In the case of entrepreneurs, the following is also excluded from the shortening of the limitation periods
the right of recourse according to § 478 BGB.(3) A guarantee is not declared by the provider.
§ 6
disclaimer
(1) Claims for damages by the customer are excluded, unless otherwise specified below. The above exclusion of liability also applies to the legal representatives and vicarious agents of the provider, insofar as the customer asserts claims against them. (2) Excluded from the exclusion of liability specified in section 1 are claims for damages due to injury to life, limb, health and claims for damages arising from the breach of essential contractual obligations. Essential contractual obligations are those whose fulfillment is necessary to achieve the goal of the contract, e.g. the provider must hand the item to the customer free of material defects and defects in title and
Also excluded from the exclusion of liability is the liability for damages resulting from an intentional or grossly negligent breach of duty by the provider, its legal representatives or vicarious agents. (3) The provisions of the Product Liability Act (ProdHaftG) remain unaffected.

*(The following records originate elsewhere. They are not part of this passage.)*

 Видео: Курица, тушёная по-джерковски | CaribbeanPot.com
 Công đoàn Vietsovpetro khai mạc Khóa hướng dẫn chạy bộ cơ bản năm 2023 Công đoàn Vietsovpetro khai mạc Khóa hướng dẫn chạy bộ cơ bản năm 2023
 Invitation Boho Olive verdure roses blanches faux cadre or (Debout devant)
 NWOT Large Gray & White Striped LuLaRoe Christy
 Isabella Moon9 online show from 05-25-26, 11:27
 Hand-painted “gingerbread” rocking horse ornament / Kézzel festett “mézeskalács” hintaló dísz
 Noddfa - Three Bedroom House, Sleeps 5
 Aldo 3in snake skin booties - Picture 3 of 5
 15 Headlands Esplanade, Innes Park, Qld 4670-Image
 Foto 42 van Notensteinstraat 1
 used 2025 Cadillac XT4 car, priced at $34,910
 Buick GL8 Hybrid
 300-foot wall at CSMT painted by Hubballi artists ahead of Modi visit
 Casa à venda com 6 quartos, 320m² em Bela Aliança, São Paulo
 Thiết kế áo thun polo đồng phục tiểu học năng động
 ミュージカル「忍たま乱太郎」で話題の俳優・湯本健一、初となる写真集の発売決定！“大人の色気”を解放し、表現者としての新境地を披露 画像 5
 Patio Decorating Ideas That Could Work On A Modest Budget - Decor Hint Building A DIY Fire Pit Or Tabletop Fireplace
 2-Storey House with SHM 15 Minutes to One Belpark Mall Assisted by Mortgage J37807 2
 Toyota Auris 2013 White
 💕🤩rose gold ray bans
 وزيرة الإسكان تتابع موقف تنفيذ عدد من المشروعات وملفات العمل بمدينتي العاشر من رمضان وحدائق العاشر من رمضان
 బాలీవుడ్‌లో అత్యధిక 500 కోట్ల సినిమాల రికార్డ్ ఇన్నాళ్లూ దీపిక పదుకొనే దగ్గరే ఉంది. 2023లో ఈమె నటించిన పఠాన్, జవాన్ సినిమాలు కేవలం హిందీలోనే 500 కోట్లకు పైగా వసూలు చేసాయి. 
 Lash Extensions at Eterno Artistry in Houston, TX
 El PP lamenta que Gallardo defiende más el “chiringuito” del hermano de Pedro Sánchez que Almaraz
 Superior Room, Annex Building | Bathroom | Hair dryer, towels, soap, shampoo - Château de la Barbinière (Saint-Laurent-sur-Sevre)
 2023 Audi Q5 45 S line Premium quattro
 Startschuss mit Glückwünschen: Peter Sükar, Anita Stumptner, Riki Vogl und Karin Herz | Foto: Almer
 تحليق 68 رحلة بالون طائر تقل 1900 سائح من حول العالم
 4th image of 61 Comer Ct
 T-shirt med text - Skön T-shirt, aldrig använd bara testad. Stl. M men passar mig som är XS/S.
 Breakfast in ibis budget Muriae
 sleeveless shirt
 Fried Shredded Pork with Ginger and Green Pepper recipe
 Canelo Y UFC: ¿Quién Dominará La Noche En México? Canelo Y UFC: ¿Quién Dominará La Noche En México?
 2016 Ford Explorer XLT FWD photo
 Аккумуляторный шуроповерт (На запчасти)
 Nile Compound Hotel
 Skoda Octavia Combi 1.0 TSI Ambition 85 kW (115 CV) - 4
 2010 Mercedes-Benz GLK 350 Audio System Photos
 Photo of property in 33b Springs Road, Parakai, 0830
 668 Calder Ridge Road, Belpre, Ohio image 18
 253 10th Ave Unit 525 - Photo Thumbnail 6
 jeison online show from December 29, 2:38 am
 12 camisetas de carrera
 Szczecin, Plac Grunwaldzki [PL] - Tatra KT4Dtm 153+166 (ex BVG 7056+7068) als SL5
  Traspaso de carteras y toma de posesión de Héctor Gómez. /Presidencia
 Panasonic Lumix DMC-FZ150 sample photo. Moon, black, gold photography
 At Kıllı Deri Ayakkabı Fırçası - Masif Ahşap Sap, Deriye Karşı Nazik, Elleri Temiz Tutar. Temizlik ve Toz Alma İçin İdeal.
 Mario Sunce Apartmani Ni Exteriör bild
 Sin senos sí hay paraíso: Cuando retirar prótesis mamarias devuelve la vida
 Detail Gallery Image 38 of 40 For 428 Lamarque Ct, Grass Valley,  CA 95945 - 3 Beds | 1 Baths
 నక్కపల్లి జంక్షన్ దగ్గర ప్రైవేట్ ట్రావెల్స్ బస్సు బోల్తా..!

Also excluded from the exclusion of liability is the liability for damages resulting from an intentional or grossly negligent breach of duty by the provider, its legal representatives or vicarious agents. (3) The provisions of the Product Liability Act (ProdHaftG) remain unaffected.
§ 7
Prohibition of assignment and pledging
The assignment or pledging of the customer to the supplier is entitled to the
Claims or rights are excluded without the consent of the provider, provided that the customer
does not prove a justified interest in the assignment or pledging.
Claims or rights are excluded without the consent of the provider, provided that the customer
does not prove a justified interest in the assignment or pledging.
§ 8
set-off
The customer shall only have a right of set-off if his claim for set-off has been legally established or is undisputed.
§ 9
Choice of law & place of jurisdiction
(1) The contractual relations between the provider and the customer shall be governed by the laws of the Federal Republic of Germany. Excluded from this choice of law are the following
consumer protection regulations of the country in which the customer is domiciled.
The application of the UN Convention on Contracts for the International Sale of Goods is excluded. (2) The place of jurisdiction for all disputes arising from the contractual relationship between the customer and the provider is the registered office of the provider, provided that the customer is a merchant, a legal entity under public law or a special fund under public law.
consumer protection regulations of the country in which the customer is domiciled.
The application of the UN Convention on Contracts for the International Sale of Goods is excluded. (2) The place of jurisdiction for all disputes arising from the contractual relationship between the customer and the provider is the registered office of the provider, provided that the customer is a merchant, a legal entity under public law or a special fund under public law.
§ 10
Severability clause
Should any provision of these General Terms and Conditions be invalid, this shall not affect the validity of the remaining provisions.